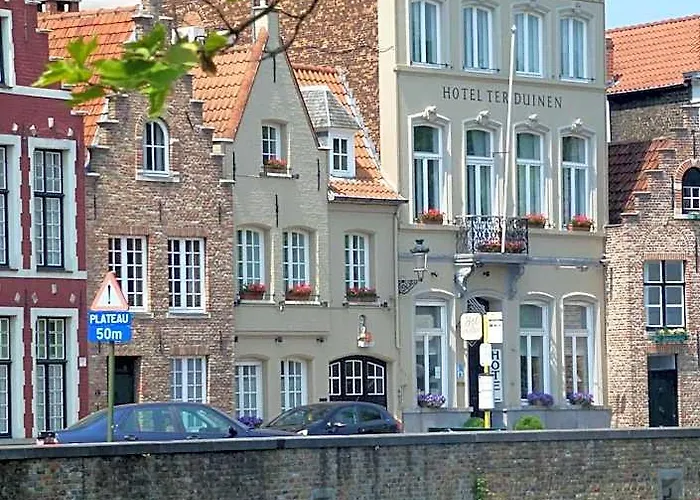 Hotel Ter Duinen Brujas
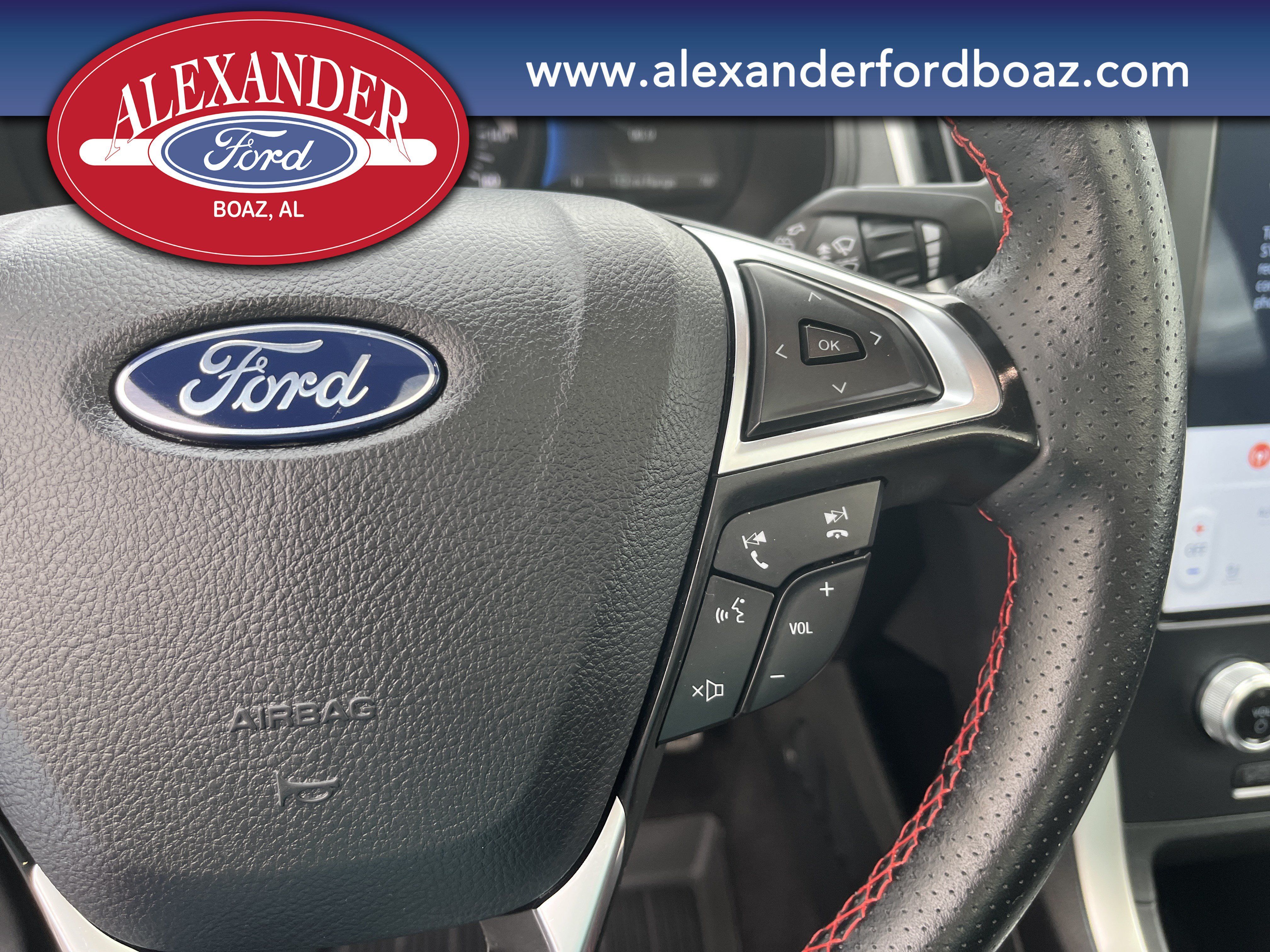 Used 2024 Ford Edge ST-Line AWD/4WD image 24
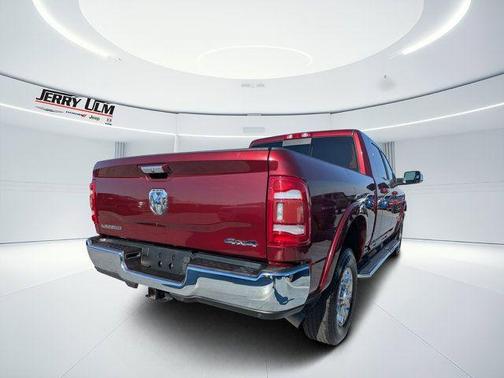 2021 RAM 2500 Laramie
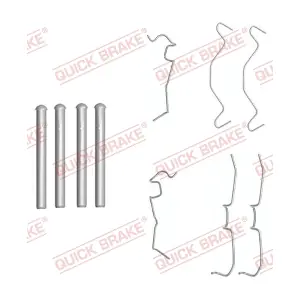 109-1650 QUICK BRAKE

════════════════

◆ **Exercise requirements**: Take the line containing "Used 2024 Ford Edge ST-Line AWD/4WD image 24" and every line after it through the end of the data, and write them out exactly, with no pictures.

◆ **Result below**:
 Used 2024 Ford Edge ST-Line AWD/4WD image 24
 2021 RAM 2500 Laramie
 109-1650 QUICK BRAKE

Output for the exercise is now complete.